I have been using it for a few weeks now it is like STEROIDS for corals. If you are not using it do a search and read some of the reviews.


----------



## aquatic_expressions (Mar 17, 2006)

*Seachem*

I have used Seachem's Aquavitro line of products and I'm exceptionally happy with the results I have and ease of use.

I currently use AquaVitro Salinity, Calcification, Ions, & Eight Four.

Instead of Fuel I am currently using Julian Sprungs AcroPower but can't comment on the claims or effectiveness as I have only used it for one week and it is too soon to give my two cents on it.


----------



## Flexin5 (Nov 12, 2011)

i use fuel; but i would only suggest it if you have a low nutrient system. i'm suffering from pale sps colors, and after finding out with quality test kits (hanna & salifert) that there are no traces of phosphate and nitrite i decided to use it. 

alot of sps have exploded in growth, and some totaly washed out, no color at all sps have started to gain color back aswell. i'm still suffering from pale sps but to all of a sudden bring back color to sps that i thought were completly dead was amazing. 

if you are going to dose it, i suggest taking it very slowly, as it can cause an algae bloom of green or red slime algae.


----------



## Taipan (Feb 12, 2012)

From my experience.....It works well but is very strong stuff.

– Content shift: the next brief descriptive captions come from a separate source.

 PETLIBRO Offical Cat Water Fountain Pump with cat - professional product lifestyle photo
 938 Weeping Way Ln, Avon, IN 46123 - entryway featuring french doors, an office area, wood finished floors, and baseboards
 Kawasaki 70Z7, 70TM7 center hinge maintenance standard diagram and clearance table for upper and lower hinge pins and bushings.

It's potent.


That being said; I do find a difference in coral colours and growth when using it. I don't use it/dose it religiously; only when I remember to.

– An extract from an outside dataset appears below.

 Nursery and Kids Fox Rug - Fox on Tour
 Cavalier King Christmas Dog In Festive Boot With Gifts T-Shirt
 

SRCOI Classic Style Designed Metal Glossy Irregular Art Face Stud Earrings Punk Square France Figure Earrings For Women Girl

A couple of things to note:

- expect a bit of a noticeable algae bloom on the glass of your display after using it.

- anemones don't seem to take well to it if you overdose (like anything else) or dose it in a specific area near the anemones.

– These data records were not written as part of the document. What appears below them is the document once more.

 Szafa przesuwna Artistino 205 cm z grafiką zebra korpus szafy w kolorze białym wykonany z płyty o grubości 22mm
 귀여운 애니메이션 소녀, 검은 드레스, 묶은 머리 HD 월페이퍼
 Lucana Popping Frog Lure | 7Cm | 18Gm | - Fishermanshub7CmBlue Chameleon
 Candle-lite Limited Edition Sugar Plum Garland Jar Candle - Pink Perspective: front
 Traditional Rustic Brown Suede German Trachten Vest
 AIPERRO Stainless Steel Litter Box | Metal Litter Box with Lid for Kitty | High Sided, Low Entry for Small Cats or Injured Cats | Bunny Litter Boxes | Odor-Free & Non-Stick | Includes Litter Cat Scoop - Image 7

- I also found GSP out of all things; are also quite sensitive to it as well.


----------



## aln (Jan 26, 2010)

i got a bottle of fuel as a gift to try but have not tried it yet. read alot of reviews for it though and most of them were good. alot of people starts with 1/2 the recommanded dose so im going to be trying that soon.


----------



## altcharacter (Jan 10, 2011)

Al, bring that bottle over my house and I'll trade you some water dude!! I'd like to try out a bit to see how it works on my tank


----------



## aln (Jan 26, 2010)

altcharacter said:


> Al, bring that bottle over my house and I'll trade you some water dude!! I'd like to try out a bit to see how it works on my tank


Hahaha nice!! How much you want? I still have to opening it. I'm going to try dosing it this weekend maybe. I'm almost done my remix big almost water too. Can't wait to start mixing my own lol


----------



## jd81 (Dec 16, 2011)

Anybody knows which LFS carries it?


----------



## CanadaCorals.com (May 12, 2013)

jd81 said:


> Anybody knows which LFS carries it?


We have it. 

Not just Fuel but the entire AquaVitro line.


----------



## Taipan (Feb 12, 2012)

In no particular order:

Aquatic Kingdom
North American Fish Breeders
Big Al's
Sea U Marine
Canada Corals

All carry the Seachem Aquavitro Line.


----------



## jd81 (Dec 16, 2011)

CanadaCorals.com said:


> We have it.
> Not just Fuel but the entire AquaVitro line.





Taipan said:


> In no particular order:
> 
> Aquatic Kingdom
> North American Fish Breeders
> ...


Thanks. I guess I don't pay enough attention to the additives section


----------



## Letigrama (Jul 6, 2008)

Is working great for me. Half dose every week. My nems don't mind at all. It haa helped my hammer and elegance and ricordeas and rooms as well


----------